**YOUR OBJECTIVE:** Write out, exactly and in full, the line where "LINAYE Advent Calendar" appears together with all lines that follow it in the entries below. Do not include pictures.

(Image-text web data)
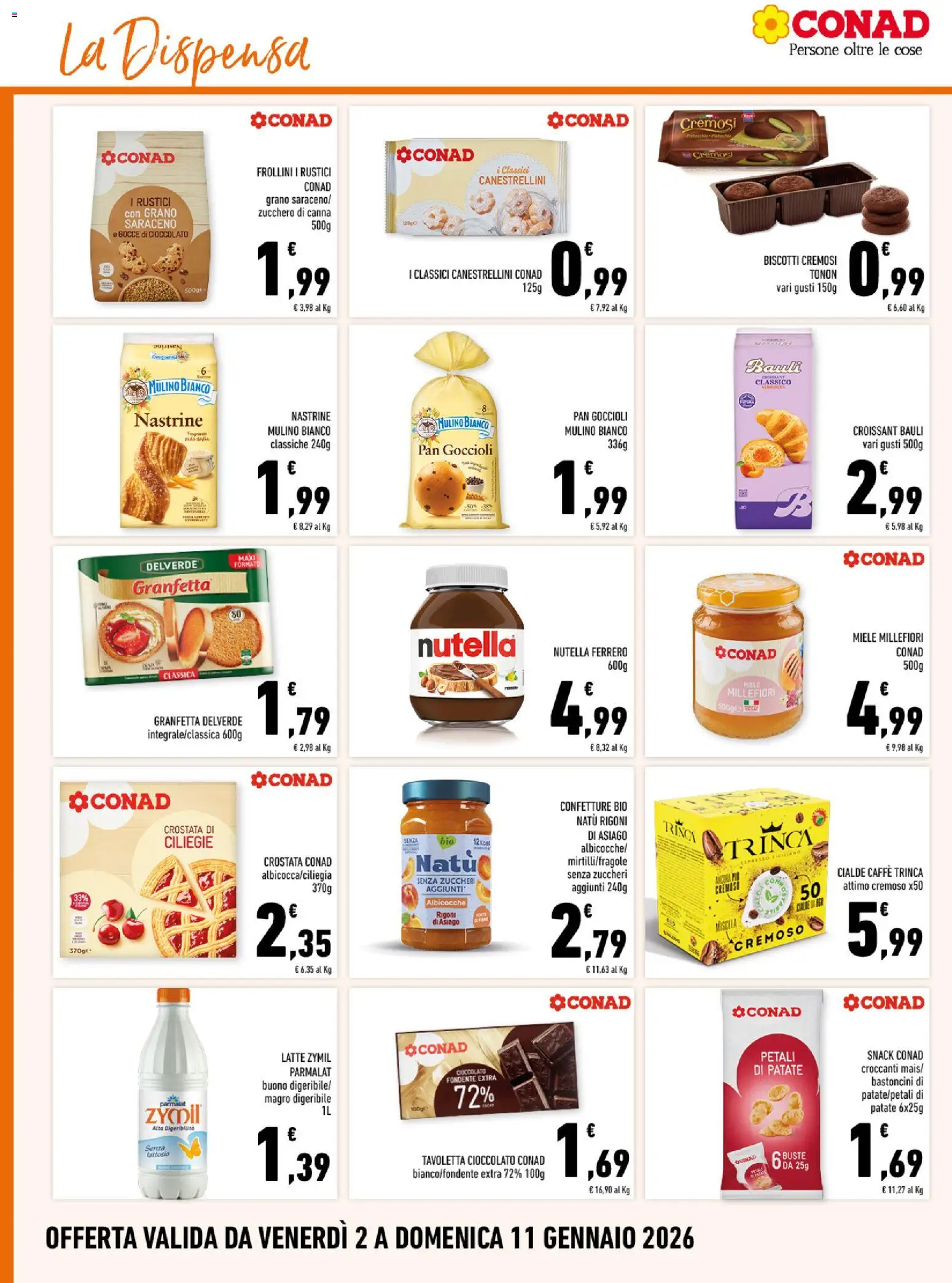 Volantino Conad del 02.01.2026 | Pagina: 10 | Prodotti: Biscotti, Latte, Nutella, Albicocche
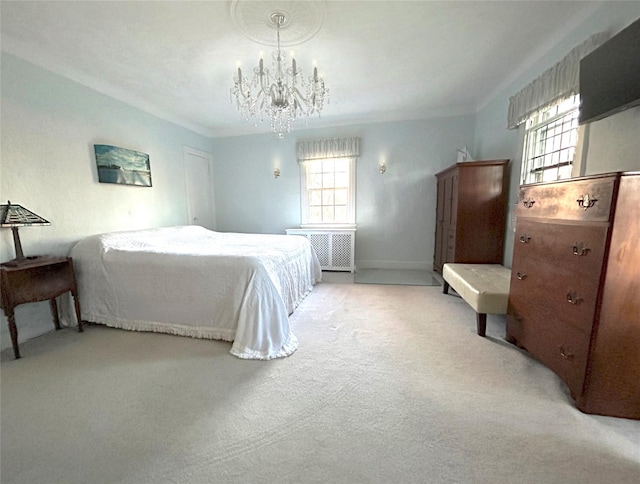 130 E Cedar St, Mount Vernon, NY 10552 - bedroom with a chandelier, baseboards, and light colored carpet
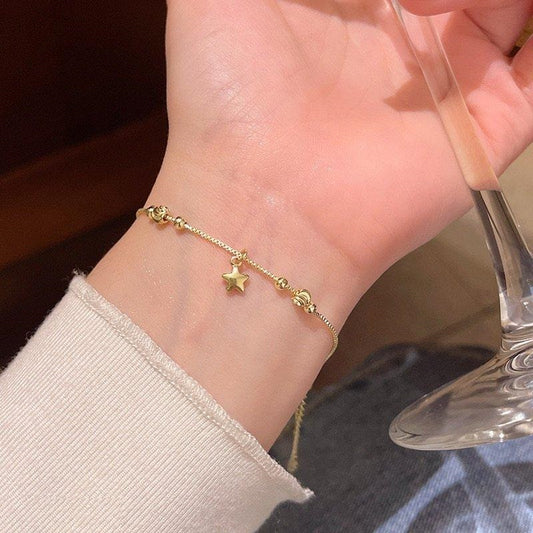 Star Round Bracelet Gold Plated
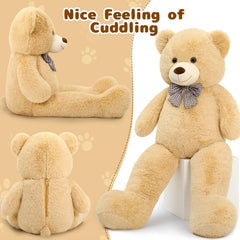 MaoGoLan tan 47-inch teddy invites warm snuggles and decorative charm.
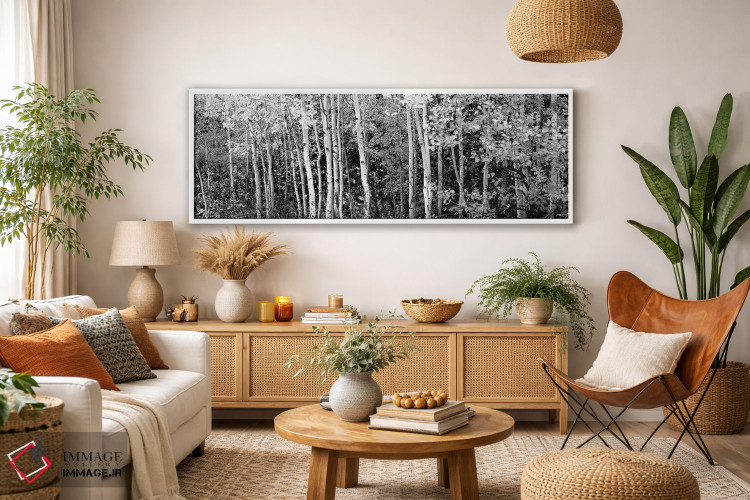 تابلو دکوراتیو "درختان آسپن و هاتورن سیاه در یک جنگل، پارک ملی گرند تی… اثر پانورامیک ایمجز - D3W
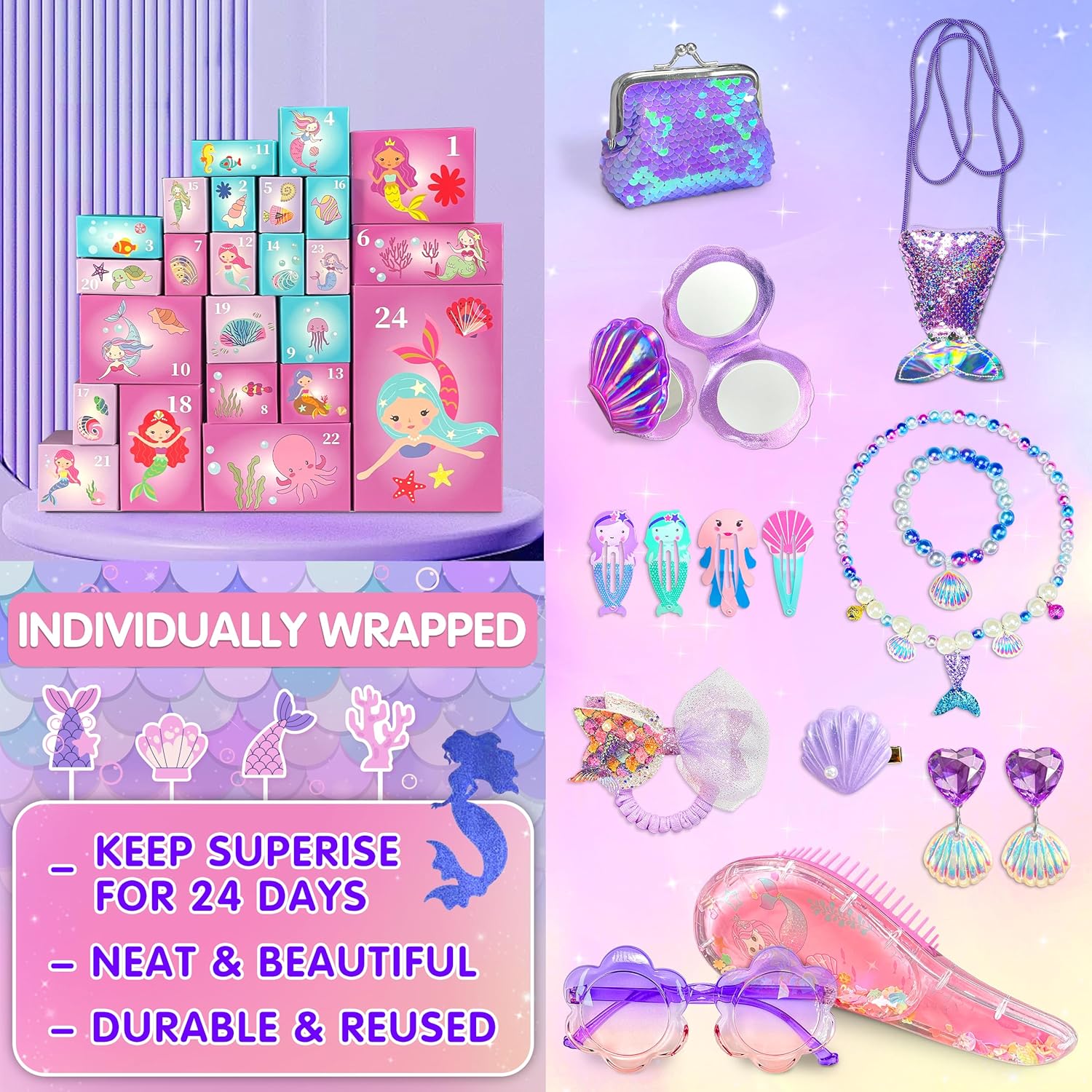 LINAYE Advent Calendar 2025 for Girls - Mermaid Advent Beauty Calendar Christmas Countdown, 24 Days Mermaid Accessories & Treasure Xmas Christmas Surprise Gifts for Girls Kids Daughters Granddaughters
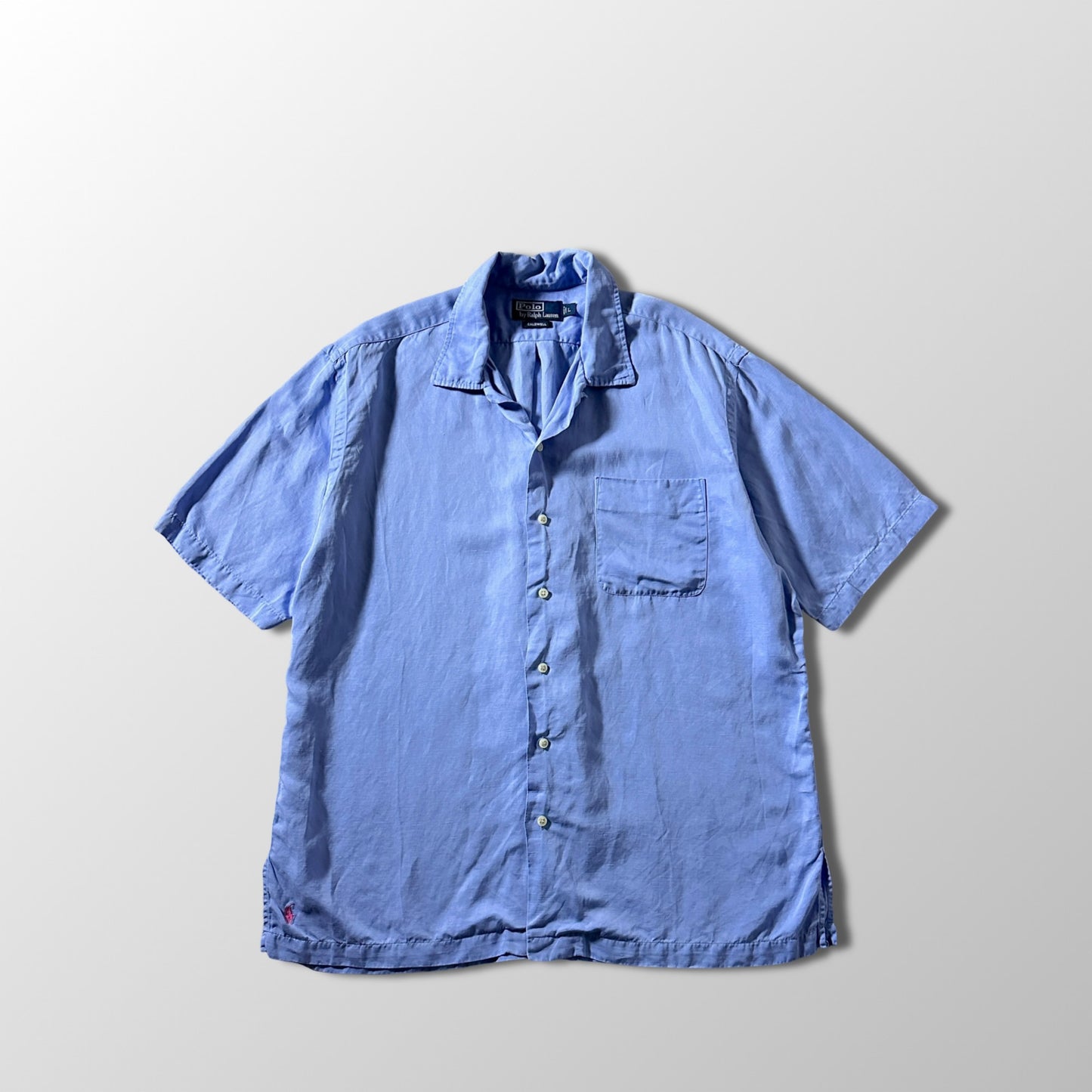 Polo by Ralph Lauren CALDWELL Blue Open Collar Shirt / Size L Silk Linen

**ANSWER SPACE:**
 LINAYE Advent Calendar 2025 for Girls - Mermaid Advent Beauty Calendar Christmas Countdown, 24 Days Mermaid Accessories & Treasure Xmas Christmas Surprise Gifts for Girls Kids Daughters Granddaughters
 Polo by Ralph Lauren CALDWELL Blue Open Collar Shirt / Size L Silk Linen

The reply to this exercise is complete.